Сидение на нейтралке затягивалось. Решающие бои за Холм начались на рассвете 16 февраля сразу и на северо-востоке, и на юго-западе от города. Кое-где удалось прорваться в передние траншеи противника, кое-где доходило и до рукопашных схваток. 17-го после артобстрела наших позиций немцы попытались вернуть передовые траншеи, было предпринято четыре контратаки. Город они сдавать без боя явно не собирались. Нашим на северо-востоке удалось приблизиться к окраинам города. Бои продолжались и последующие два дня. Но ясности, каковы же силы противника в городе, собирается ли он покидать Холм, не было.

Разведчики со старшим лейтенантом Бескиным продолжали держаться на НП западнее города, имея под наблюдением главную дорогу по левому берегу Ловати, по которой только и могли передвигаться части противника. С флангов доносили, что значительные силы противника уже отодвигаются от города. Но что делается в городе? Только ли заслоны или что-то серьезное? Город продолжал держаться крепко.

Вечером 19-го Болтакс послал на НП к Игорю связного с запиской, где сообщал о штурме города утром 20-го и приказывал Игорю с группой разведчиков, находившихся на НП, пробраться в город, взять там «языка», разведать обстановку — что там противник, уходит или закрепился. Для связи и своевременного доклада прислал полкового радиста с радиостанцией. На наблюдательном пункте, кроме Игоря, было еще несколько человек.

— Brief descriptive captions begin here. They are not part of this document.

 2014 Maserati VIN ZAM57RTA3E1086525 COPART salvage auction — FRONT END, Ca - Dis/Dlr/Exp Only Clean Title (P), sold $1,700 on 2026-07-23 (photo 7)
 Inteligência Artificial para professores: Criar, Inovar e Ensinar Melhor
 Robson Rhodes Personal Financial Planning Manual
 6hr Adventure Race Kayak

Болтакс, понимая сложность и остроту ситуации с трибуналом, который спешил заграбастать Игоря до начала наступления, потому что потом — ищи свищи, отправил разведчиков в поиск прямо с НП! Передний край противника разведчикам был знаком достаточно хорошо. Выбрали наиболее безопасное место прохода в тыл — на стыке немецких подразделений. В разведку пошли вшестером: трое разведчиков, радист, сапер, командир — Игорь. Двоих оставили на НП. Когда почти миновали нейтралку, радист поскользнулся, упал, вывихнул ногу и при этом, самое обидное, повредил рацию. Рация — это ни много ни мало ящик весом килограммов десять, на лампах, с сухими батареями — и все в заплечном ранце. Радиста в сопровождении сапера пришлось отправить назад. Но задачу-то выполнять надо — дальше двинулись вчетвером.

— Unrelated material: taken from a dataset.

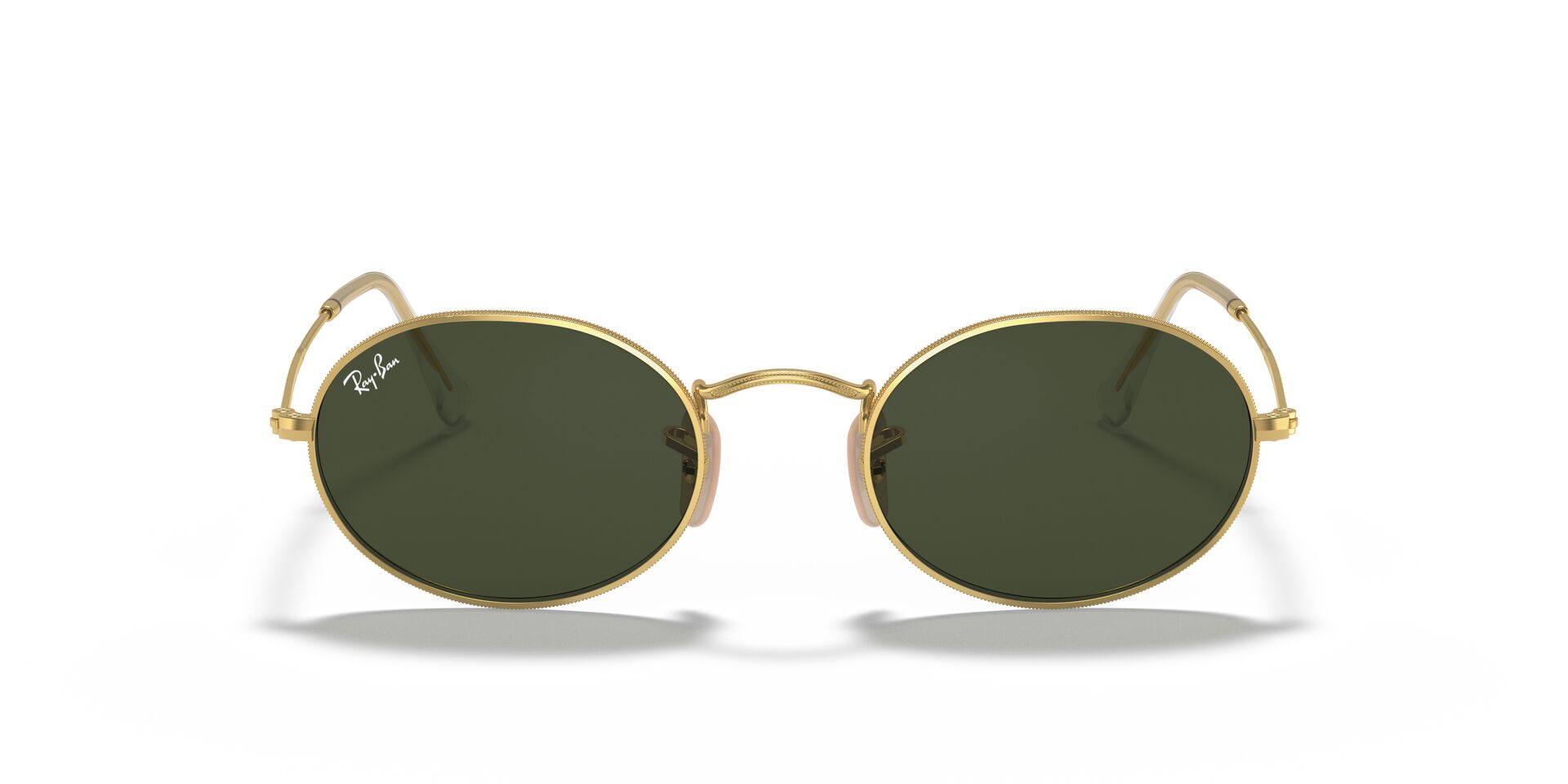 RAYBAN RB3547 OVAL 001/31 51 SUNGLASSES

Ночь лунная, светлая, но ветреная, хорошо, хоть морозец не поджимал. Перешли Ловать по льду — по натоптанной немцами тропке. Вышли на шоссе — пустынно, тихо. О поимке «языка» не могло быть и речи. Вдруг увидели огонек в будке на мосту! Значит, есть часовой! Но, посовещавшись, решили не ввязываться в захват, вдруг в будке телефон, мало ли что, основная задача — город обследовать, взять «языка» именно там.

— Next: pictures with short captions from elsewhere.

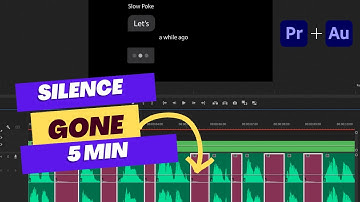 How to delete silence with Adobe A.I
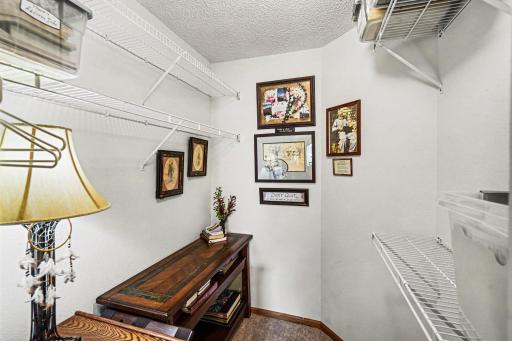 Walk-In Closet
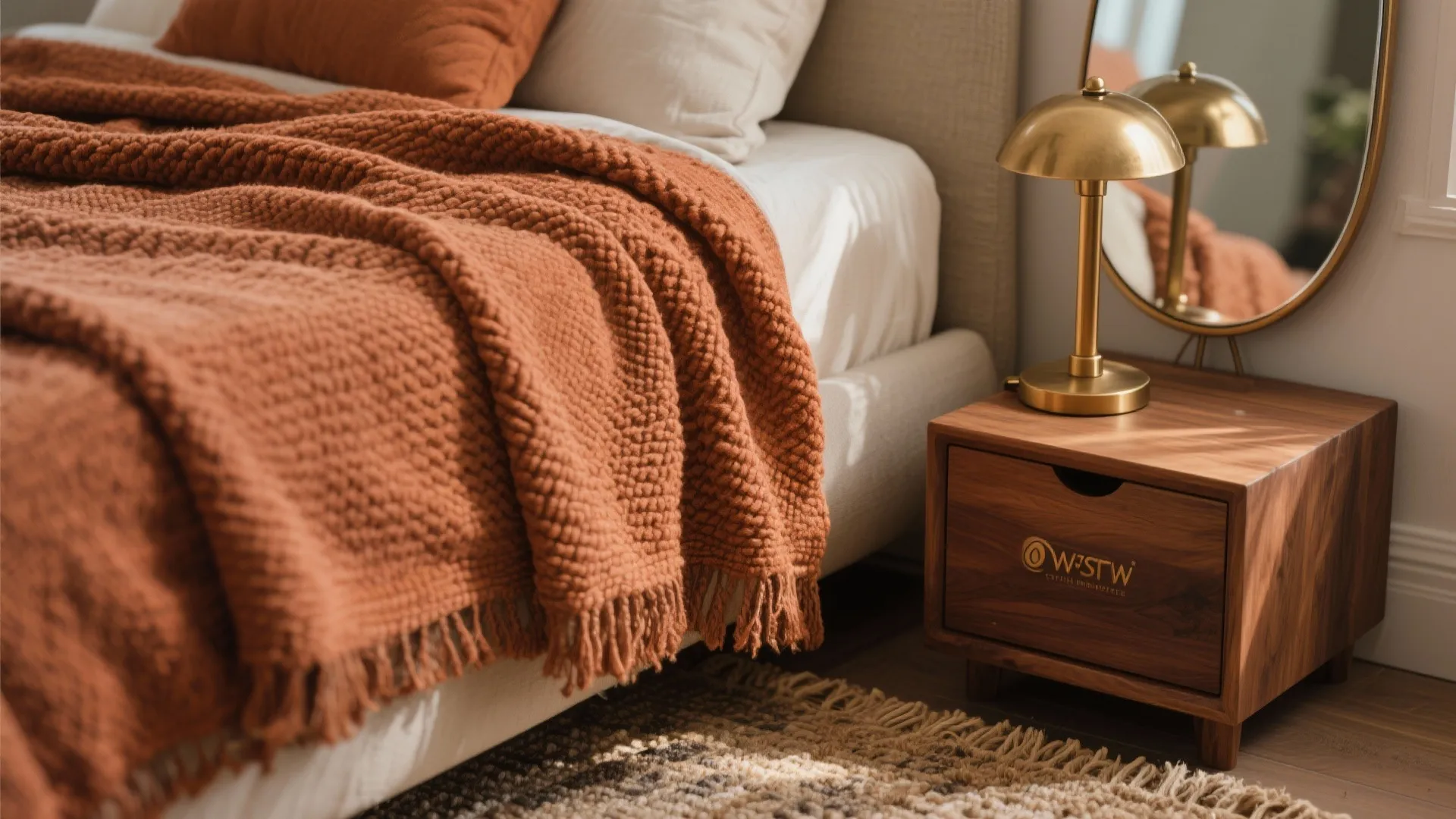 2. Terracotta Textiles and Natural Layers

Пересекли Ловать по льду второй раз, уже в самом городе, прячась в тени моста, ползком. Выбрались на высокий берег — прямо на городскую площадь с церковью и колокольней. И — удача! Часовой ходит вокруг церкви! Решили — брать!

Подобраться поближе позволил ветер — на церкви под его порывами громыхал большой железный лист с надписью «Заготзерно» — видно было при лунном свете. Часовой ходил по кругу и, когда ушел за церковь, броском прижались к затененным углублениям в стене около колокольни. Часовой приблизился. Бросок! Взял часового Вася Пахомов, человек исключительной силы, взял так мощно, что явно сломал немцу позвоночник. Успели сунуть кляп, но немец так дергался в конвульсиях, что пришлось кончить дело финкой.

Вася сокрушался, но сдержать себя мог не всегда: немцев ненавидел всех люто: дома, на Брянщине, немцы не только разорили его дом, но и убили детей, надругались над женой, так что соблюсти меру для него было испытанием.

Оставалось надеяться, что раз есть часовой, то придет ему и смена. Труп спрятали, перевалив его в приоткрытое окно церкви, сели в засаду, замаскировались, предварительно замели, присыпали снежком кровь, скрыли следы борьбы. Игорь зашел внутрь церкви. А там склад боеприпасов, да какой! Смена часовому не идет. Прошел час, другой, дело к рассвету. Стало совсем светло. На площадь выехала кухня! С кашей! Из всех укрытий, землянок, остатков домов стали вылезать немцы — почесываясь спросонья, оправляясь тут же. К кухне выстроилась очередь, говор, толкотня, звон котелков, запах каши. А разведчики в соборе — в мышеловке! Куда деваться?